Return the DataFrame as a scalar, or return the element at the given row/column.

Parameters:

Name	Type	Description	Default
`row`	`int \| None`	The n-th row.	`None`
`column`	`int \| str \| None`	The column selected via an integer or a string (column name).	`None`

Returns:

Type	Description
`Any`	A scalar or the specified element in the dataframe.

Notes

If row/col not provided, this is equivalent to df[0,0], with a check that the shape is (1,1). With row/col, this is equivalent to df[row,col].

Examples:

>>> import pyarrow as pa
>>> import narwhals as nw
>>> df_native = pa.table({"foo": [1, None], "bar": [2, 3]})
>>> nw.from_native(df_native).item(0, 1)
2

iter_columns

iter_columns() -> Iterator[Series[Any]]

Returns an iterator over the columns of this DataFrame.

Yields:

Type	Description
`Series[Any]`	A Narwhals Series, backed by a native series.

Examples:

>>> import pandas as pd
>>> import narwhals as nw
>>> df_native = pd.DataFrame({"foo": [1, 2], "bar": [6.0, 7.0]})
>>> iter_columns = nw.from_native(df_native).iter_columns()
>>> next(iter_columns)
┌───────────────────────┐
|    Narwhals Series    |
|-----------------------|
|0    1                 |
|1    2                 |
|Name: foo, dtype: int64|
└───────────────────────┘
>>> next(iter_columns)
┌─────────────────────────┐
|     Narwhals Series     |
|-------------------------|
|0    6.0                 |
|1    7.0                 |
|Name: bar, dtype: float64|
└─────────────────────────┘

iter_rows

iter_rows(
    *, named: Literal[False], buffer_size: int = ...
) -> Iterator[tuple[Any, ...]]

iter_rows(
    *, named: Literal[True], buffer_size: int = ...
) -> Iterator[dict[str, Any]]

iter_rows(
    *, named: bool, buffer_size: int = ...
) -> Iterator[tuple[Any, ...]] | Iterator[dict[str, Any]]

iter_rows(
    *, named: bool = False, buffer_size: int = 512
) -> Iterator[tuple[Any, ...]] | Iterator[dict[str, Any]]

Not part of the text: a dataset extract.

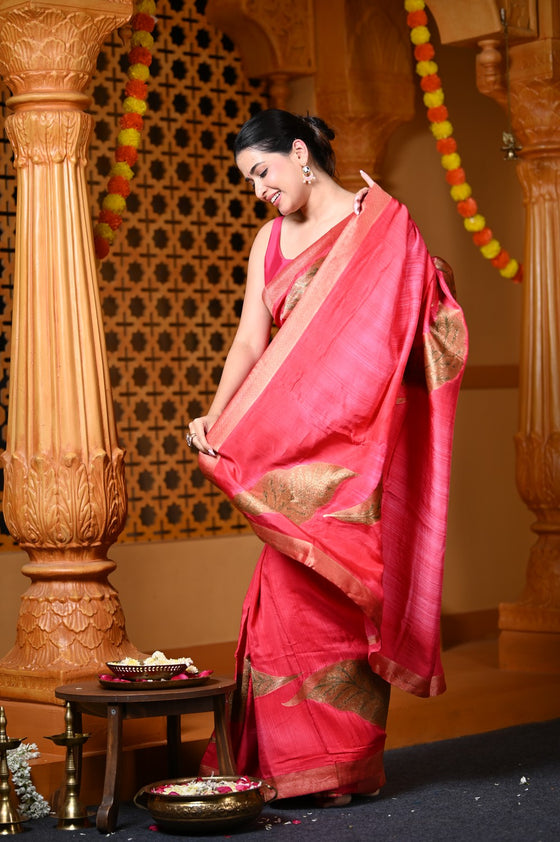 Durva Premium~ Viscose Hand-dyed Rangkaath Saree in Shades of Pink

Returns an iterator over the DataFrame of rows of python-native values.

Parameters:

Name	Type	Description	Default
`named`	`bool`	By default, each row is returned as a tuple of values given in the same order as the frame columns. Setting named=True will return rows of dictionaries instead.	`False`
`buffer_size`	`int`	Determines the number of rows that are buffered internally while iterating over the data. See https://docs.pola.rs/api/python/stable/reference/dataframe/api/polars.DataFrame.iter_rows.html	`512`

Returns:

Type	Description
`Iterator[tuple[Any, ...]] \| Iterator[dict[str, Any]]`	An iterator over the DataFrame of rows.

Notes

cuDF doesn't support this method.

Examples:

>>> import pyarrow as pa
>>> import narwhals as nw
>>> df_native = pa.table({"foo": [1, 2], "bar": [6.0, 7.0]})
>>> iter_rows = nw.from_native(df_native).iter_rows()
>>> next(iter_rows)
(1, 6.0)
>>> next(iter_rows)
(2, 7.0)

join

join(
    other: Self,
    on: str | list[str] | None = None,
    how: JoinStrategy = "inner",
    *,
    left_on: str | list[str] | None = None,
    right_on: str | list[str] | None = None,
    suffix: str = "_right"
) -> Self

Join in SQL-like fashion.

Parameters:

Name	Type	Description	Default
`other`	`Self`	DataFrame to join with.	required
`on`	`str \| list[str] \| None`	Name(s) of the join columns in both DataFrames. If set, `left_on` and `right_on` should be None.	`None`
`how`	`JoinStrategy`	Join strategy. inner: Returns rows that have matching values in both tables. left: Returns all rows from the left table, and the matched rows from the right table. full: Returns all rows in both dataframes, with the suffix appended to the right join keys. cross: Returns the Cartesian product of rows from both tables. semi: Filter rows that have a match in the right table. anti: Filter rows that do not have a match in the right table.	`'inner'`
`left_on`	`str \| list[str] \| None`	Join column of the left DataFrame.	`None`
`right_on`	`str \| list[str] \| None`	Join column of the right DataFrame.	`None`
`suffix`	`str`	Suffix to append to columns with a duplicate name.	`'_right'`

Returns:

Type	Description
`Self`	A new joined DataFrame

Examples:

>>> import pandas as pd
>>> import narwhals as nw
>>> df_1_native = pd.DataFrame({"id": ["a", "b"], "price": [6.0, 7.0]})
>>> df_2_native = pd.DataFrame({"id": ["a", "b", "c"], "qty": [1, 2, 3]})
>>> nw.from_native(df_1_native).join(nw.from_native(df_2_native), on="id")
┌──────────────────┐
|Narwhals DataFrame|
|------------------|
|   id  price  qty |
| 0  a    6.0    1 |
| 1  b    7.0    2 |
└──────────────────┘

join_asof

join_asof(
    other: Self,
    *,
    left_on: str | None = None,
    right_on: str | None = None,
    on: str | None = None,
    by_left: str | list[str] | None = None,
    by_right: str | list[str] | None = None,
    by: str | list[str] | None = None,
    strategy: AsofJoinStrategy = "backward",
    suffix: str = "_right"
) -> Self

Perform an asof join.

This is similar to a left-join except that we match on nearest key rather than equal keys.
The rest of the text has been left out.